By JON HURDLE and ERIK ECKHOLM
Published: July 24, 2012 417 Comments
PHILADELPHIA — Msgr. William J. Lynn, the first Roman Catholic Church official in the United States to be convicted of covering up sexual abuses by priests under his supervision, was sentenced Tuesday to three to six years in prison.
Matt Rourke/Associated Press
Monsignor William J. Lynn
“You knew full well what was right, Monsignor Lynn, but you chose wrong,” Judge M. Teresa Sarmina of Common Pleas Court said as she imposed the sentence, which was just short of the maximum of three and a half to seven years. Monsignor Lynn must serve at least three years before he is eligible for parole.
Monsignor Lynn, 61, was found guilty on June 22 of child endangerment after a three-month trial that revealed efforts over decades by the Philadelphia archdiocese to play down accusations of child sexual abuse and avoid scandal.

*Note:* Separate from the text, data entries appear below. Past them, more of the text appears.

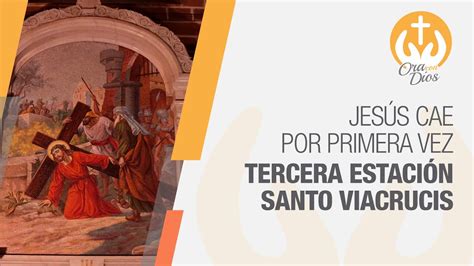 Jes S Cae Por Primera Vez Tercera Estaci N Del Santo Viacrucis Ora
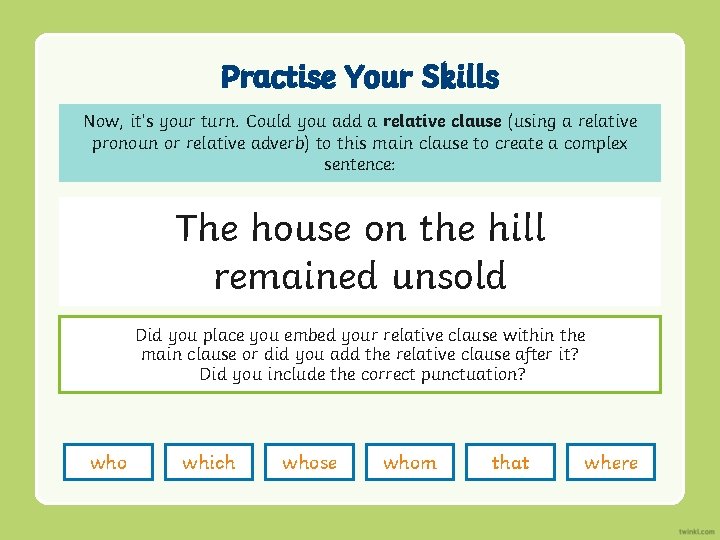 Practise Your Skills Now, it’s your turn. Could you add a relative clause (using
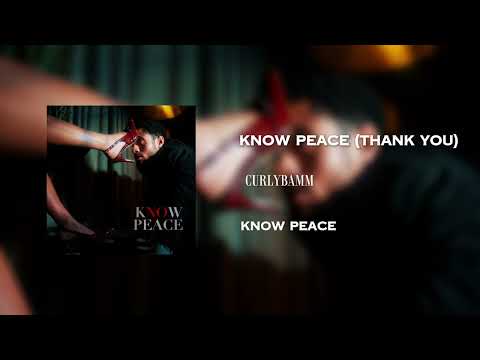 Know Peace (Thank You) (Official Audio)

He was acquitted of conspiracy and a second child endangerment charge.
Monsignor Lynn served as secretary for clergy for the 1.5 million-member archdiocese from 1992 to 2004, recommending priest assignments and investigating abuse complaints. During the trial, prosecutors presented evidence that he had shielded predatory priests, sometimes transferring them to unwary parishes, and lied to the public to avoid bad publicity and lawsuits.

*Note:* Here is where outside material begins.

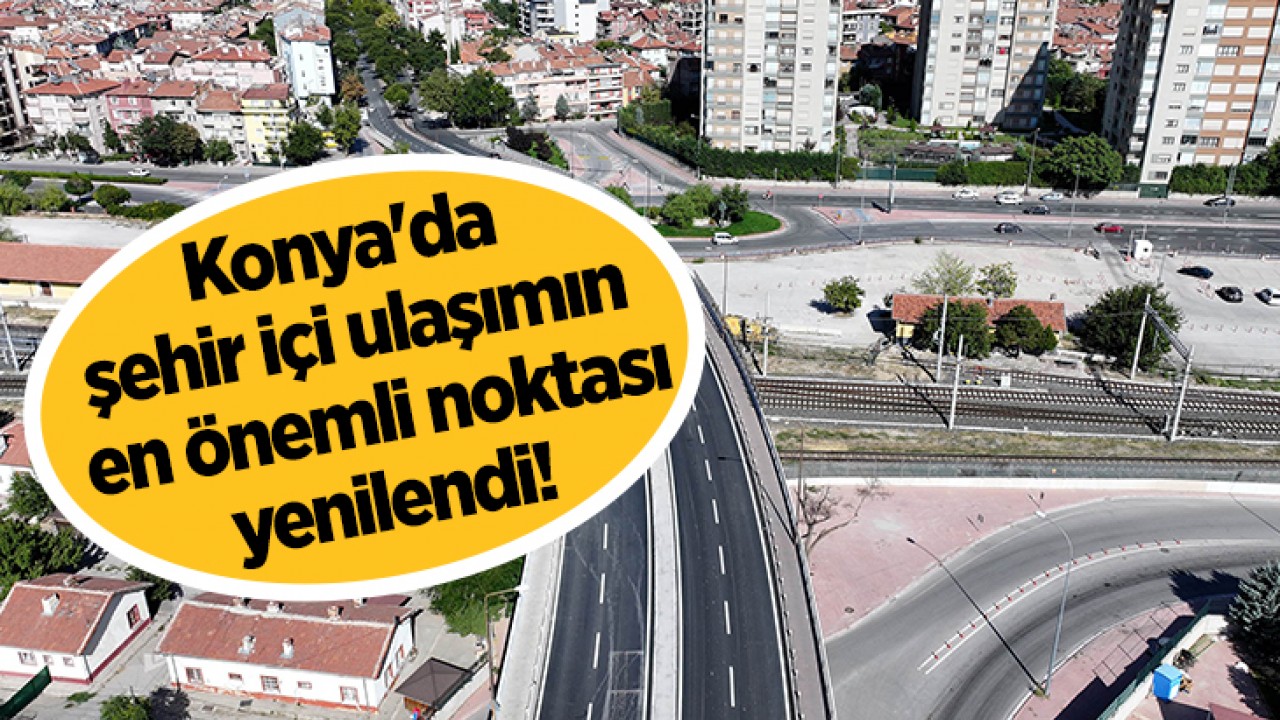 Konya'da şehir içi ulaşımın en önemli noktası yenilendi!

The conviction of a senior official, followed by a prison sentence, has reverberated among Catholic officials around the country, church experts said.
“I think this is going to send a very strong signal to every bishop and everybody who worked for a bishop that if they don’t do the right thing, they may go to jail,” said the Rev. Thomas J. Reese, a senior fellow at the Woodstock Theological Center at Georgetown University. “They can’t just say ‘the bishop made me do it.’ That’s not going to be an excuse that holds up in court.”

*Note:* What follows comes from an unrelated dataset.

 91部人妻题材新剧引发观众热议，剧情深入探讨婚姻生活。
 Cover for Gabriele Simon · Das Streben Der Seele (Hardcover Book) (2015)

In a three-minute statement before sentencing, Monsignor Lynn, dressed in a black clerical shirt and white collar, said: “I have been a priest for 36 years, and I have done the best I can. I have always tried to help people.”
Turning toward relatives of an abuse victim in the courtroom, he said, “I hope someday that you will accept my apology.”
But he did not comment on the broader accusations that he put children at risk by repeatedly protecting “monsters in clerical garb,” as Judge Sarmina described it at the hearing.
The sentence was a victory for the Philadelphia district attorney, R. Seth Williams, who said outside the courtroom, “Many people say that the maximum still would not have been enough.”
Monsignor Lynn’s lawyer, Thomas Bergstrom, called the sentence “unbalanced.” Last week, the defense argued that a long prison sentence would be “merely cruel and unusual.”
Prosecutors argued that the gravity of Monsignor Lynn’s crime — giving known sexual predators continued access to children, causing lifelong anguish and damage to some — was “off the charts.”
Monsignor Lynn’s lawyers said they would appeal the conviction, saying that the child endangerment law at the time did not apply to supervisors and that the judge erred in allowing testimony about accusations that were beyond the statute of limitations.
In a statement Tuesday, the Archdiocese of Philadelphia said that its procedures for protecting children had improved significantly since “the events some 10 years ago that were at the center of this trial.”
It acknowledged “legitimate anger in the broad community toward any incident or enabling of sexual abuse.” But it also described the sentence as overly harsh, saying “fair-minded people will question the severity.”
“We hope that when this punishment is objectively reviewed, it will be adjusted,” it said.
After the sentencing, Ann Casey, a friend of Monsignor Lynn for 36 years, said she believed he was a scapegoat and a victim of his intense faith in the archdiocese’s leaders. “It was his vow of obedience to the church that landed him this morning in jail,” she said.
During the trial, Monsignor Lynn’s lawyers argued that he had followed the instructions of Cardinal Anthony J. Bevilacqua, who was the archbishop of Philadelphia from 1988 to 2003 and who died in January.
Monsignor Lynn’s conviction was for lax oversight of one former priest, Edward V. Avery, who spent six months in a church psychiatric center in 1993 after an abuse episode. Doctors said he should be kept away from children. But Monsignor Lynn sent him to live in a rectory and did not warn parish officials.
In 1999, Mr. Avery engaged in oral sex with a 10-year-old altar boy. He pleaded guilty to the assault just before Monsignor Lynn’s trial and was sentenced to two and a half to five years in prison.
Jon Hurdle reported from Philadelphia, and Erik Eckholm from New York.